# My "I LOVE Shopping with a Giftcard!" Haul



## obeyDita (Jan 12, 2011)

I received a Nordies gift card for Christmas, so of course I headed straight to the MAC counter to pick up some goodies. I was especially excited for my gift card because I'm unemployed, therefore I'm unable to buy anything that's not essential. So here they are, my new beauties:






  	Unflappable, Noir Plum, Prance
  	Brun, Sketch, Sable
  	Contrast, Satellite Dreams, Soba

  	Anyone see a pattern here? Hmmm... LOL You might have guessed that I have a weakness for purples, neutrals and browns...


----------



## ElvenEyes (Jan 12, 2011)

Beautiful colour schemes and a very nice haul!  I like the same colour themes, too. They go really nicely with each other.  Enjoy your new goodies!


----------



## obeyDita (Jan 12, 2011)

Thank you! I sure will! :-D


----------



## keetuh (Jan 12, 2011)

Great haul, I hope you love your items!


----------



## obeyDita (Jan 12, 2011)

Thank you! I sure do. I recently became obsessed with purples, so I'm all over these new shades!


----------



## dani623 (Jan 13, 2011)

Great haul & such a wonderful way to treat yourself. Enjoy!


----------



## obeyDita (Jan 13, 2011)

I couldn't agree more, dani623! ;-) Thanks!


----------



## keetuh (Jan 13, 2011)

obeyDita said:


> Thank you! I sure do. I recently became obsessed with purples, so I'm all over these new shades!

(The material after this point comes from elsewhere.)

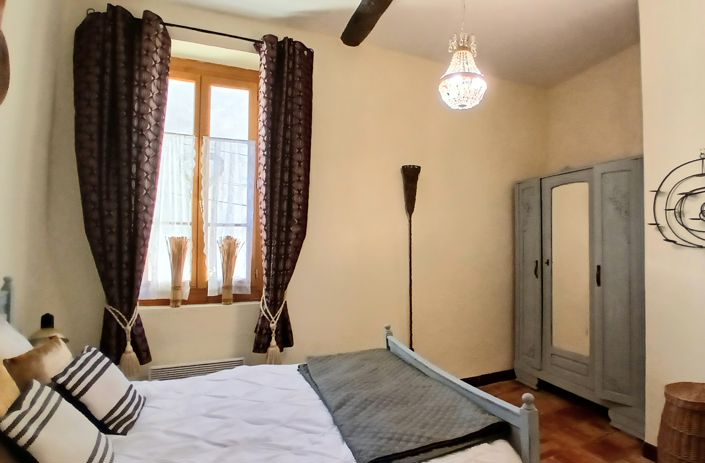 Image No.27-5 Bed House for sale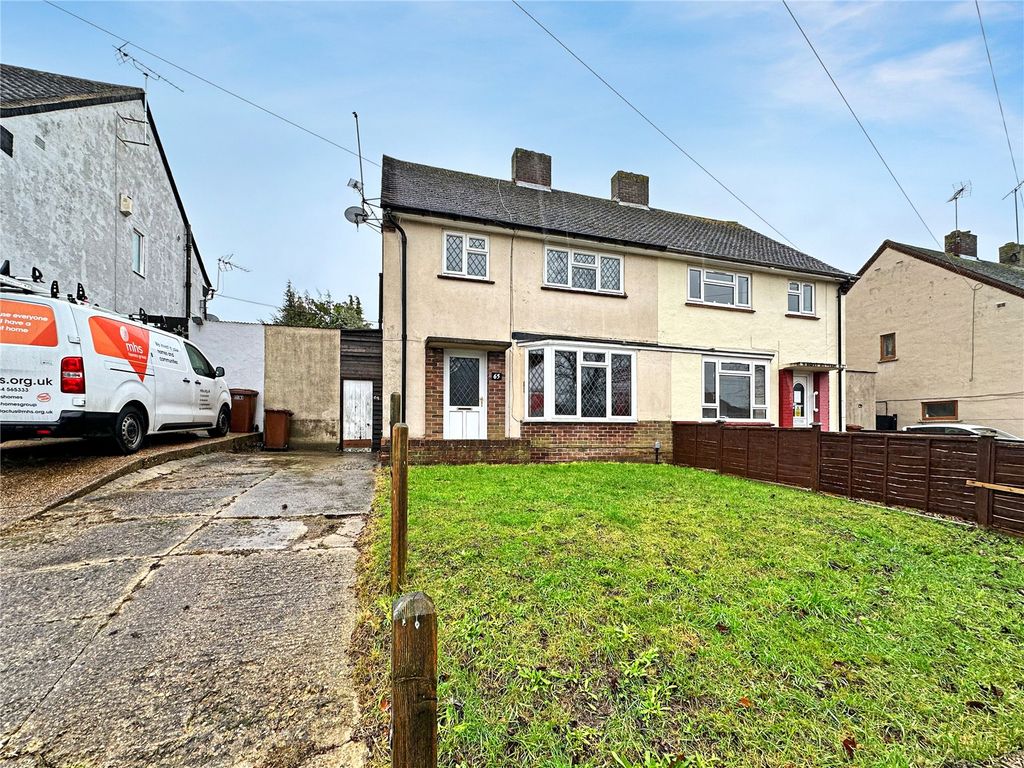 3 bed semidetached house for sale in Eden Avenue, Chatham ME5, £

	I am obsessed with purples and browns too. I actually found out I have trouble picking colors outside of brown and purple.


----------



## imthebeesknees (Jan 13, 2011)

Love this haul, i am also very obsessed with nuetrals and purples! Enjoy!! xo


----------



## Smf16 (Jan 13, 2011)

Love your color selections! Enjoy!


----------



## obeyDita (Jan 14, 2011)

@keetuh and imthebeesknees (haha! I LOVE that!) I realized that I live in a very, very small box, therefore my whole collection consists of nothing but neutrals, browns and now purples. 
	

	
	
		
		

		
		
	


	




  	@Smf16 - Thank you!!


----------



## LittleMaryJane (Jan 14, 2011)

An AWESOME haul! It's a beautiful set of colors.


----------



## obeyDita (Jan 14, 2011)

Thank you, @LittleMaryJane!


----------



## natashaish (Feb 12, 2011)

nice colours!


----------



## ittybittylizzy (Feb 14, 2011)

Drool, love the new shadows. Love purples too


----------